Lurker (2025)

Alex Russell’s first film as director asks a straightforward question: what happens when proximity becomes the only thing that matters? Lurker tracks Matthew (Théodore Pellerin), a Los Angeles shop clerk who befriends Oliver (Archie Madekwe), a musician on the precipice of proper fame. Their friendship begins with the kind of earnest enthusiasm reserved for people who bond over obscure bands nobody else cares about. Matthew starts filming Oliver’s rise, documenting studio sessions and backstage moments, gradually becoming part of the entourage. But the film understands something crucial about these ecosystems: every inner circle has invisible borders, and crossing them uninvited is how you get ejected.
The real achievement here is Pellerin’s performance. Matthew could easily collapse into a recognisable archetype, the creepy fan who takes things too far, but Pellerin refuses that simplicity. He plays Matthew as someone genuinely excited about Oliver’s music, someone who might actually be a decent friend under different circumstances. The unease comes from never quite knowing which version you’re watching. Is this admiration or calculation? The answer shifts scene by scene, sometimes within a single conversation. Madekwe matches him effectively, capturing the particular exhaustion of someone who’s always performing, even when he thinks he isn’t.
Russell previously produced The Bear and Beef, and he’s brought that same attention to suffocating atmospheres and professional anxieties. Pat Scola’s cinematography gives the LA music scene a kinetic, oversaturated energy, mixing in video diary footage that mirrors Matthew’s increasing obsession. Kenny Beats’ synth score does heavy lifting during the tension-building sequences, perhaps slightly too much lifting at times. Some moments might have benefited from trusting the silence.

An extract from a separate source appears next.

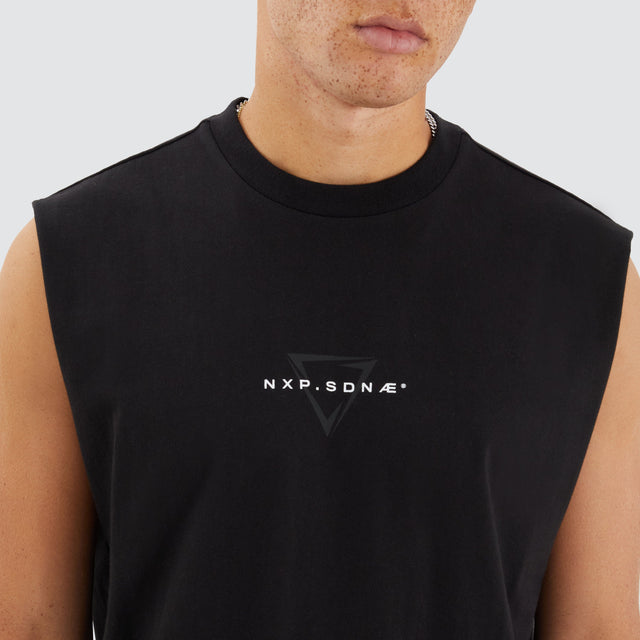 model wears Alarm Relaxed Muscle Jet Black Muscle Tees Black - image 3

What makes Lurker more than just a cautionary tale about fandom is how it maps the economic realities underneath the social dynamics. Matthew’s desperation isn’t just loneliness; it’s the terror of remaining peripheral in a city that treats invisibility as personal failure. Everyone around Oliver is performing labour they call friendship, hoping their investment pays off when he properly breaks through. The film never lectures about class or access or the machinery of cultural capital, but these tensions saturate every interaction.
The problems emerge in the final act. Russell opts for an ending that prioritises being clever over being satisfying, which is a choice one can make, though not necessarily one that serves this particular story. The carefully modulated control that defines the first hour starts slipping. Certain escalations feel imported from a different genre, as though Russell couldn’t quite decide whether he was making a character study or a thriller. The result lands awkwardly between both.
Still, Lurker captures something essential about how we relate to creativity and fame now. The infrastructure that once kept fans at a respectful distance has been systematically dismantled, replaced by platforms that promise access as a default setting. But actual proximity, the kind that matters, remains jealously guarded. Matthew represents what happens when someone takes the promises seriously, when they believe the gap between audience and artist has truly closed. The film is smart enough to recognise that this isn’t just a personal failing; it’s a structural condition.
At 100 minutes, it makes its point without overstaying. I do wish Russell had committed more fully to his premise rather than hedging toward conventional thriller beats, but there’s enough sharp observation here to recommend the film. It understands that admiration and obsession aren’t opposites but neighbours, separated by boundaries that dissolve more easily than we’d like to admit.